シンデレラに玻璃の星冠をⅢ
以前の雄黄は――
憐憫ではなく、五皇の心を救った。
それは、口先だけではなく、きっちりと…心を形に表わし、信じさせたのだろう。
だからこそ、五皇は雄黄の黄の印を捨てようとはしない。
緑皇は言った。
「五皇は、あの雄黄の想いを継承する。
お前達が五皇のひとり、緋狭を救おうとするのなら…お前達もそれ相応の覚悟をして貰わねばならない。

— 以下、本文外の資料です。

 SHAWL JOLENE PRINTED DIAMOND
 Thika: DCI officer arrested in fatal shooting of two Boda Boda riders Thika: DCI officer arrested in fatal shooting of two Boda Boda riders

ただ聞いて考えるだけで解決出来るというような、そんな甘い考えなら捨てろ。どんな犠牲の可能性があろうと、動じるな」
「けど……久遠が…」
煌が頭を掻いた。
「五皇は縛りがある。しかしお前達にはない。そんな自由な身で…ハナから出来ないなど、言うんじゃない」
やれと。
どうしてもやれと。
それは攻撃的な視線というよりは、切実なもので。
黄の印が、雄黄への忠誠を示すものだというのなら。
それにそむいた緋狭さんが、重篤状態なのだというのなら。
今の五皇の現状を…、
――だから五皇は、あの雄黄の想いを継承する。
宣言した緑皇はどうなる?
何でこのタイミングで言った?
緑皇は――
意思を言葉にした時点で、雄黄を裏切ったことになる。
つまり、黄の印からの罰則(ペナルティー)を受けることになるのではないか。
そしてその時期は唐突で。
僅かな猶予も与えずして、緑皇が苦悶な表情をしたかと思うと、その体が…無防備にも大きく横に揺れたんだ。
まるで貧血で倒れるかのように。
「アホハット!!?」
煌が抱きかかえるが――
「は? 背中…血、お前血が出てるじゃねえかよ!!?」
その手は赤く染まっていて。
緑皇は煌の手を払い、自力で起上がる。
「俺に触るな」
ぐらり。
今度揺れたのは――
緑皇ではなく、俺で。
眩暈?
「うわわ、地震地震!! 巣に避難、ゴボウも早く!!!」
「あ!!? うわっ…なんだこの揺れ!!?」
否――。
この建物が揺れている。
「いけない、もう時間だ!!」
そう叫んだのは玲の父親で。
「攻撃してくる!!!」
そう叫んだ時、何処かがバリンと壊れる音がした。
――まるで、硝子が壊れるかのように。
「玲央、システム遮断(シャットダウン)!!!」
「判った」
クマが駆けていく音。
「妾は非常事態モードに切り換え、皆の者に伝える!!」
「おう、夢路さん、頼む!!」
「おい、アホハット!!? お前ふらふらしてるんだから……」
何処までも煌の介助を拒絶して、二の足で立上がる緑皇。
それはどこまでも威厳に満ち、凄まじい気迫に満ちていた。
その決死の様子に、かける言葉が出なくなるほどに。